Multibagger stocks are associated with manifold returns on investments. Such profits can only be realised if companies possess certain characteristics, such as:
Robust growth of a company is associated with a massive volume of sales of its product in the market. To achieve this, quality products have to be delivered by such companies, providing immense customer satisfaction.
Considerable investment in research and development of a product has to be undertaken by companies to enlist its securities in the stock exchange as Multibagger stocks.
Start-up companies launching products having tremendous customer usage scope and no close substitutes are likely to generate massive demand in the market. These companies can increase their paid-up capital by issuing Multibagger stocks.
Companies acting as a monopoly or duopoly in the market can also be classified as issuer of Multibagger shares. Aggressive pricing strategies along with entry restrictions, can help companies increase their total revenue generation.
You can easily identify Multibagger stocks by looking at the performance of an issuing company. Businesses demonstrating high-profit generation and limited debt liability are top contenders.
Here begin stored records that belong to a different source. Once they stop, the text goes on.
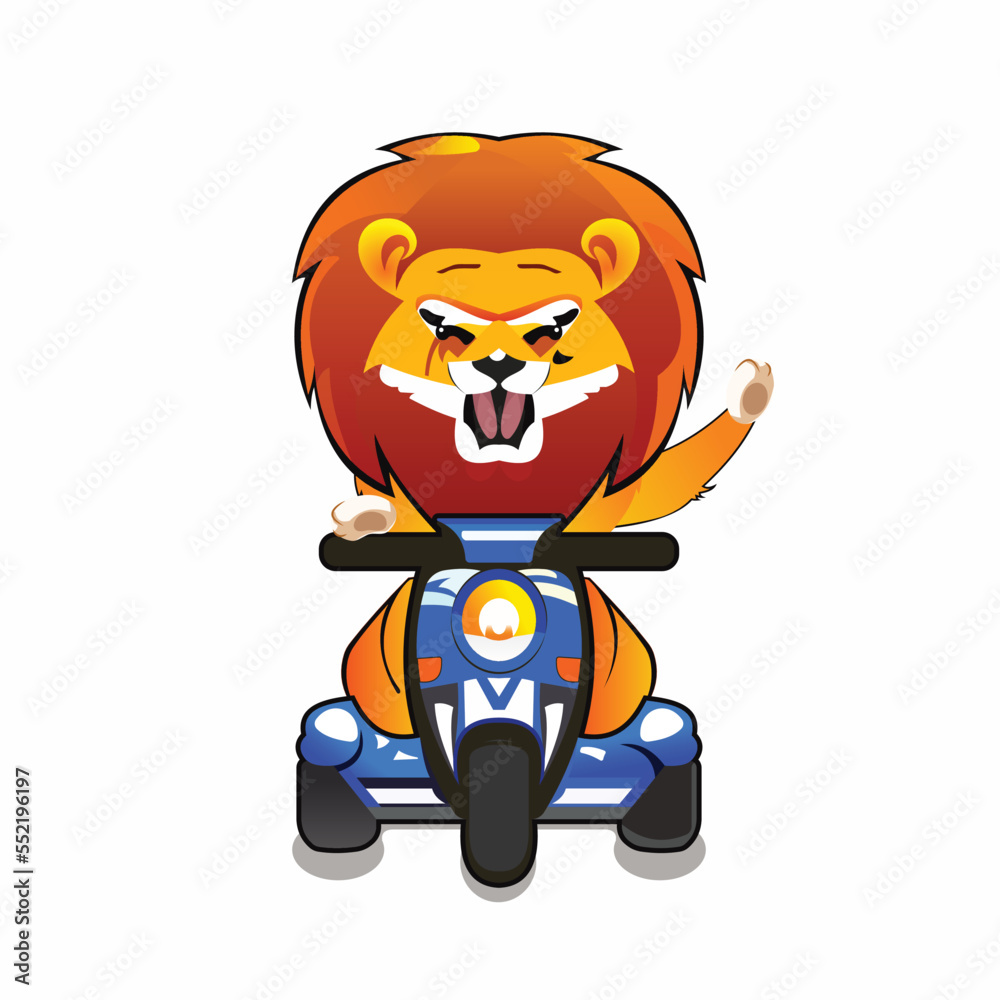 Cute Hairy Lion King cheerfully Riding A Scooter Bike and Waving Hand, Lion Mascot Logo Design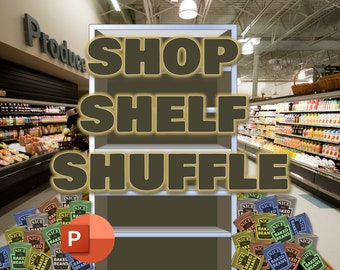 SHOP SHELF SHUFFLE - An original, fun, multi-player PowerPoint game. A great party game for in-person or virtual meetings.
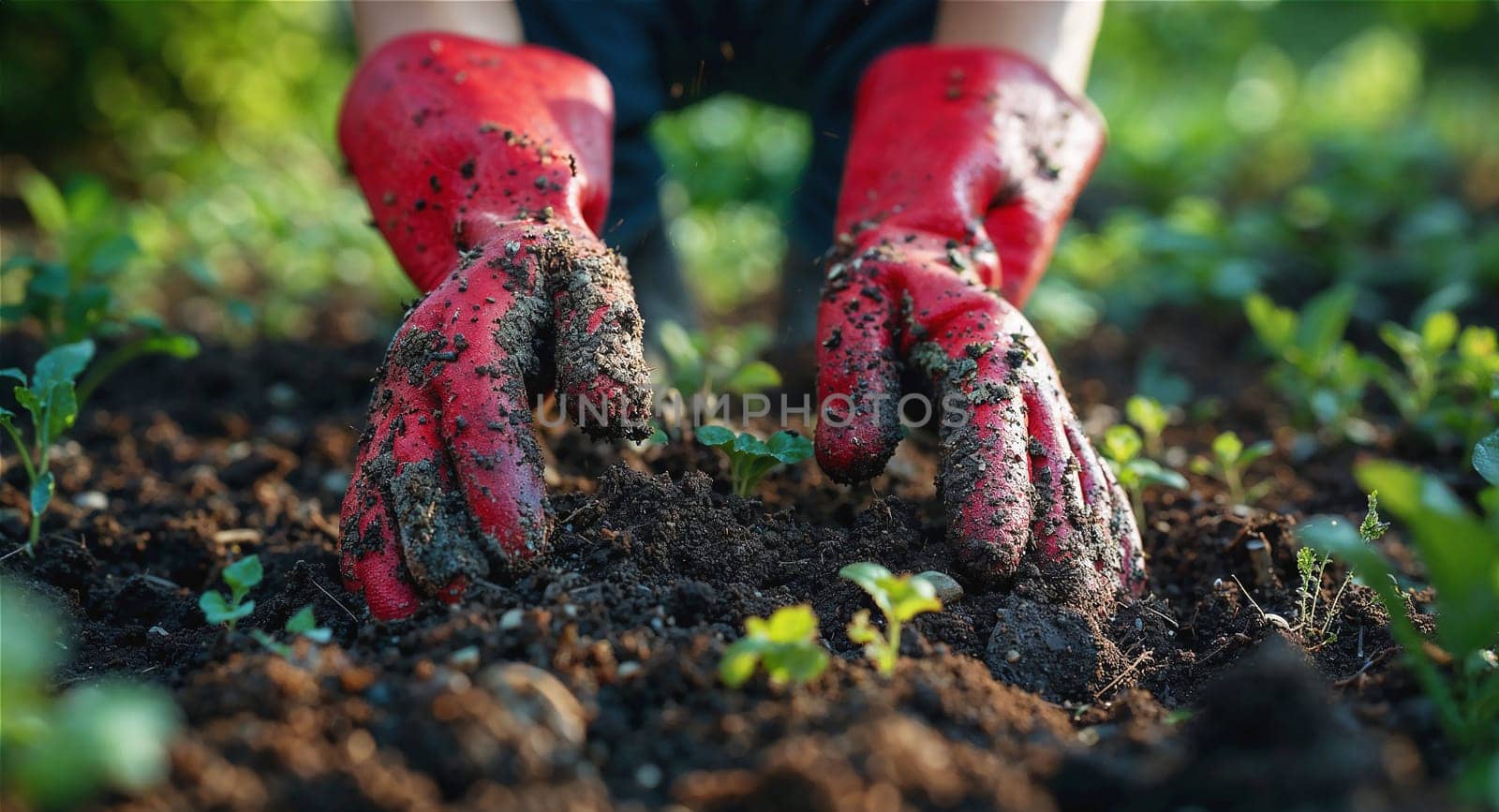 Person wearing red gardening gloves digging in soil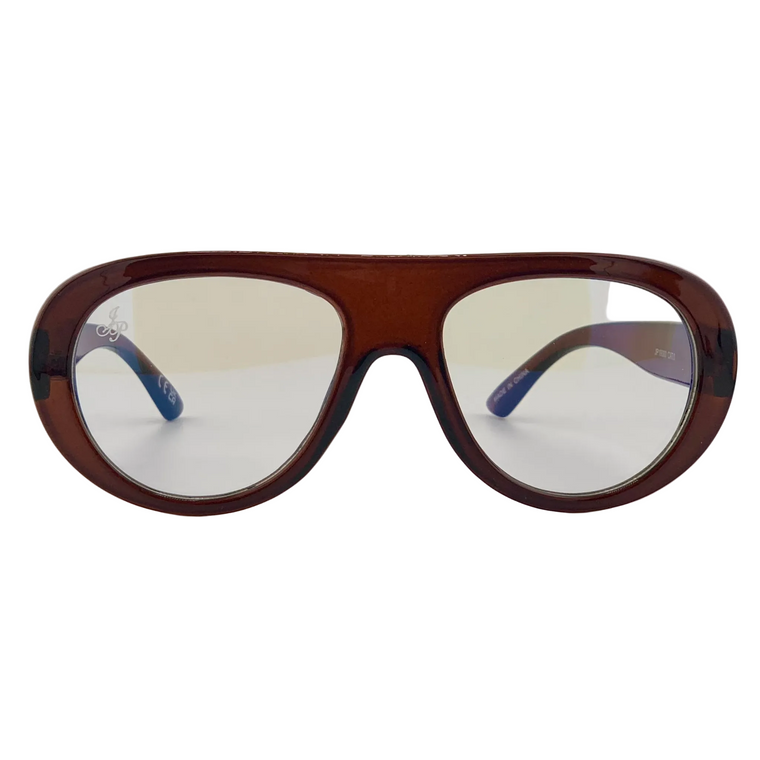 BROWN AVIATOR FRAME WITH CLEAR BLUE LIGHT LENSES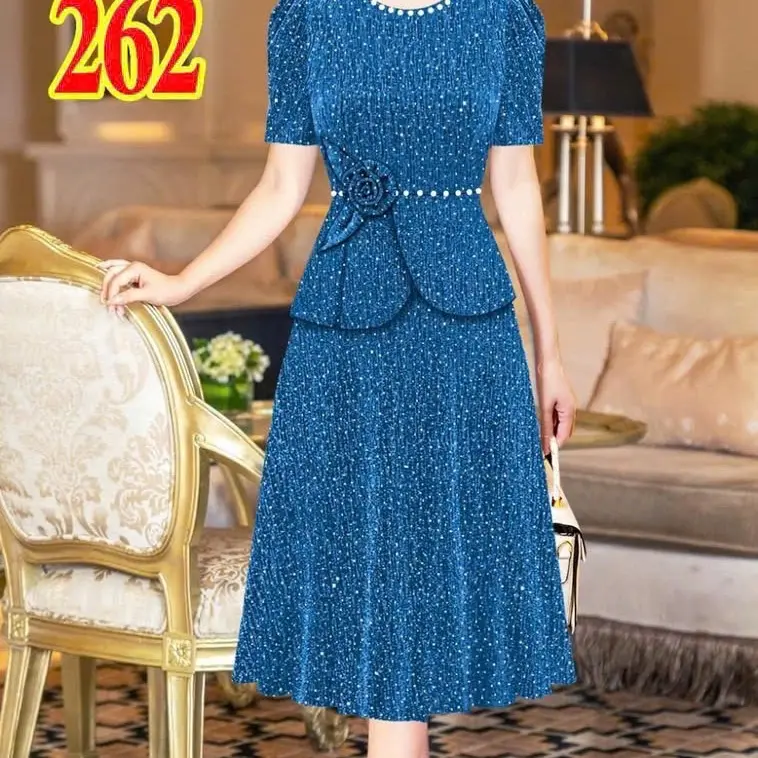 Mã262 Thun Kim Sa Co Giãn. Đầm Trung Niên Hàng Thiết Kế Giá Rẻ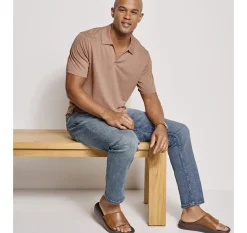 Linen-Blend V-Neck Polo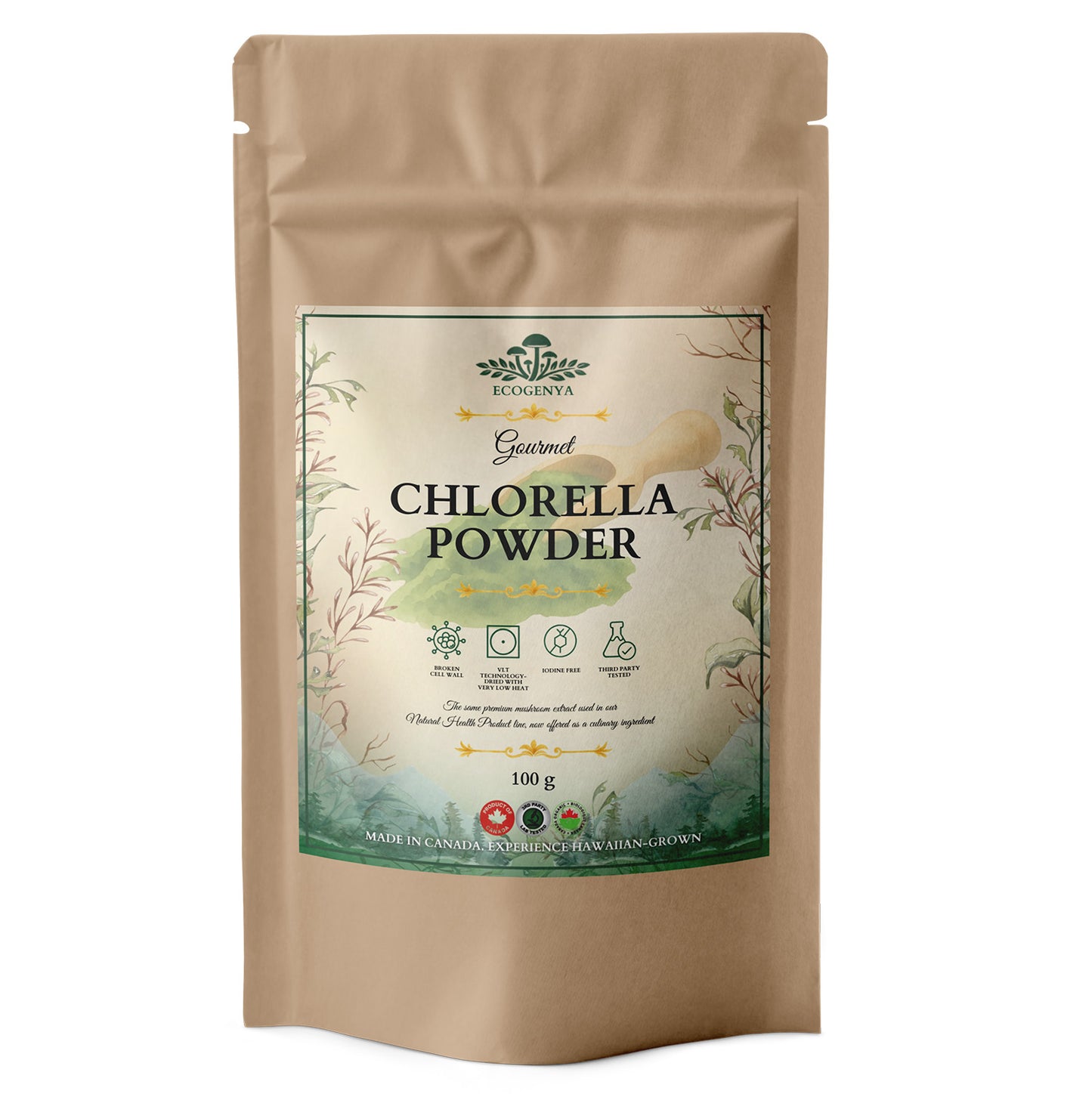 Ecogenya Daily Greens Chlorella Powder – Broken Cell Wall Chlorella for Smoothies & Juices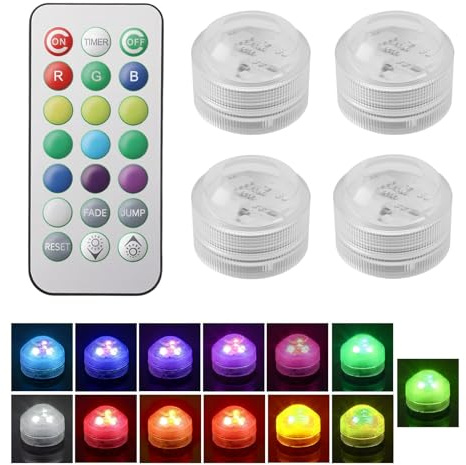Mini Submersible LED Lights with Remote Control Underwater Waterproof | Versatile Flameless Button RGB Tea Light Colour Changing Pond Light for Paper Lantern Wedding Party Table New Year, 4PCS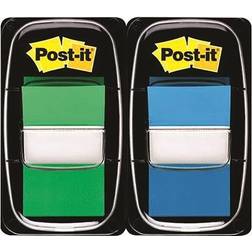 3M Post-it Index Tabs Green and Blue (100 Pack)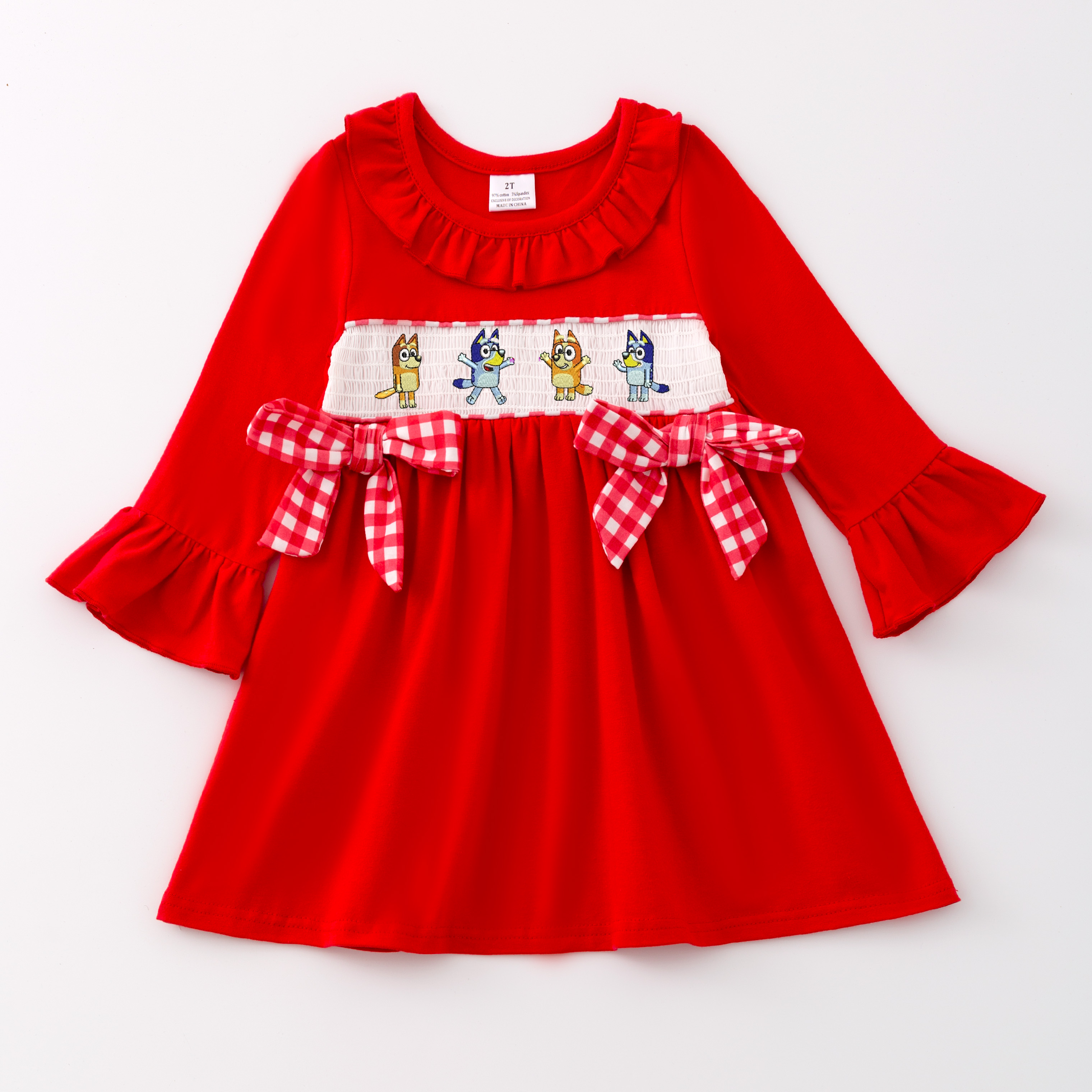 (Pre Order)Girls Christmas Embroidery Smocked Dress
Multibagger shares have high earnings per share as well, increasing your dividend income on the investment amount. These companies tend to have a low debt-to-equity ratio, indicating strong financial management skills. Price to earnings growth ratio (PEG) is also high, as the returns on one unit value of a share is several times of the primary investment.
Multibagger stocks are issued by companies having trained and experienced managers. With inefficient management, proper flow is not likely to be maintained in the production chain, as coordination between the production and sales chain would be faulty.
Several analysts are also employed by such companies to identify optimal pricing levels, to ensure revenue maximisation.
Multibagger stocks are known to increase your wealth manifold, as the returns on such investments are tremendous. For example, you can invest in such shares for Rs. 100, and realise profits amounting to Rs. 1000 (ten times the original amount – tenbagger stock).
However, investment in multibagger shares has to be kept in for a minimum amount of time, to ensure extensive capital gains through turnover of funds to final products sold in the market. Funds obtained from listing shares in stock exchange are used for both research and development and production of a product, thereby effectively realising high profits through massive sales volume.
Multibagger stocks in India have to be purchased in bulk for wealth creation of an individual. Therefore loss incurred by an individual would also be substantial in case he/she is caught in a market downturn.
Many investors purchasing Multibagger shares can get caught up in an economic bubble or value trap. Companies trading at high prices might reflect the creation of an asset bubble in the country, wherein the product being manufactured is in high demand due to underlying market conditions.
This would lead to massive losses incurred by an individual when the bubble pops and the asset value spirals.
Similarly, value traps are a rising possibility when it comes to Multibagger stocks. Products manufactured by a company might seem like a profitable investment option in the present but would lead to losses in the long term. Investors expect the prices of such shares to rise tremendously in the future. However, this situation does not arise, as the asset does not have any intrinsic value.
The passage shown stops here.